By — Pearson Allyn Bacon Prentice Hall
Updated on Jul 20, 2010

As children enter middle childhood, they spend less time in unstructured free play and more time in structured activities, such as school- or church-sponsored activities and organized sports practices or competitions (Hofferth & Sandberg, 2001). In the last decade, the United States has seen a dramatic rise in the number of children involved in organized sports, especially girls. Approximately 46 million children and adolescents participate in some type of organized sport (Griffin, 1998). Despite the increase in the number of children involved, not all children participate to the same extent. For example, as girls move into adolescence, their participation typically declines. Low-income children spend less time in organized sports than middle-class children, often due to the expenses involved.

A variety of physical and psychological benefits may result from sports participation. The multiple physical benefits of systematic exercise outlined in the previous section of this chapter also apply to children who participate in organized sports. In addition, individual athletes (e.g., swimmers, runners, or skiers) learn the value of practice, self-discipline, and time and effort commitments. They also may gain feelings of competency and self-worth, have higher levels of self-esteem, and report enjoying themselves (Pugh, Wolff, DeFrancesco, Gilley, & Heitman, 2000). Participating in a sport increases skill building and, in many peer groups, is a characteristic of popularity and status among peers. As a member of a team (e.g., soccer, baseball, football)—in addition to the advantages gained from individual participation—children learn about cooperation, perspective taking, and the benefits of teamwork. They also have opportunities to spend time with friends or to make new friends (Ewing, Gano-Overway, Branta, & Seefeldt, 2002). Studies show that if children enjoy their participation, they are much more likely to stay involved and to continue this activity for longer periods of time—sometimes into adulthood (Perkins, Jacobs, Barber, & Eccles, 2004; Thompson, Humbert, & Mirwald, 2003).

Disadvantages of participating in organized sports include acute injuries or—less often—permanent injuries to vulnerable bones and joints (Maffulli, Baxter-Jones, & Grieve, 2005). Also, children may be encouraged to continue to play or compete in less-than-favorable weather conditions. describes how children’s bodies heat and cool themselves differently from adults’ and, if not properly monitored, how children could experience stress resulting in illness or death.

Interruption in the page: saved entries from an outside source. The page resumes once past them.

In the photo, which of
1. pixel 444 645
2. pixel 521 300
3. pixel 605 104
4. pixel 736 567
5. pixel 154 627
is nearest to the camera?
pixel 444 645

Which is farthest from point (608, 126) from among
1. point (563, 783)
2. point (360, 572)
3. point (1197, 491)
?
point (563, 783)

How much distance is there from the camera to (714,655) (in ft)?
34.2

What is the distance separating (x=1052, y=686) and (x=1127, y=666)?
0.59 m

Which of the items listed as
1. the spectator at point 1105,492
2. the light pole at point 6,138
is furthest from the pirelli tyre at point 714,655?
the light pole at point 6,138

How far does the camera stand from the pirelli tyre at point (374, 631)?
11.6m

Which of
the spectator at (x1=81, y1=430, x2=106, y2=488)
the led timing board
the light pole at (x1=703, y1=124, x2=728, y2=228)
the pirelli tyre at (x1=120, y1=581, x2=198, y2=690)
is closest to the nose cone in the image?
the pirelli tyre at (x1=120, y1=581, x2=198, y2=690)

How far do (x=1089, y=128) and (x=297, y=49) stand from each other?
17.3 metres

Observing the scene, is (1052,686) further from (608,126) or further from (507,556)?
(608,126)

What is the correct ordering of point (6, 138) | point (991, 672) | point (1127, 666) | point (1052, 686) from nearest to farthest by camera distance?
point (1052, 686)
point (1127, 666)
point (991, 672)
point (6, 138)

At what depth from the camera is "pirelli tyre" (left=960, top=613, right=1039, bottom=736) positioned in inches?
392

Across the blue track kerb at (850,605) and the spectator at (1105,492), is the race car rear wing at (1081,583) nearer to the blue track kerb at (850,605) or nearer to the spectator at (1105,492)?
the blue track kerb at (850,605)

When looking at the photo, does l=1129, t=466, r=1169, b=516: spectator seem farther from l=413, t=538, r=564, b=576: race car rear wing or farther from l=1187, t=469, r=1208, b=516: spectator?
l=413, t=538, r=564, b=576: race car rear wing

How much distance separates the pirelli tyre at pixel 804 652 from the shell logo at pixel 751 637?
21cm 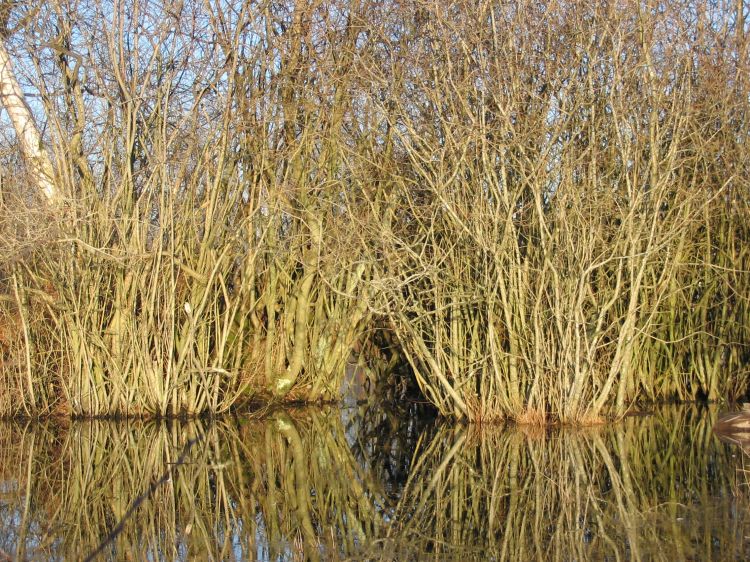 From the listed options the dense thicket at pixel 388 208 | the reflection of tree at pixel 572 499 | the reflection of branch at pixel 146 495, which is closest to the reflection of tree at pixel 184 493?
the reflection of branch at pixel 146 495

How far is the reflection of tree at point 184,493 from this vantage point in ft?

Some developmentalists worry that time spent in organized sports may reduce the amount of time spent in unstructured free play, which encourages imagination and self-motivation. Others suggest that participation in organized sports encourages a mindset of competition and winning. A survey of 10,000 youth athletes found that children stopped playing a sport due to lack of interest, lack of fun, poor coaching, and an overemphasis on winning. Their main sources of stress were criticisms (i.e., “being yelled at”) from coaches, parents, fans, and teammates as well as performing poorly in competition (Ewing & Seefeldt, 1990).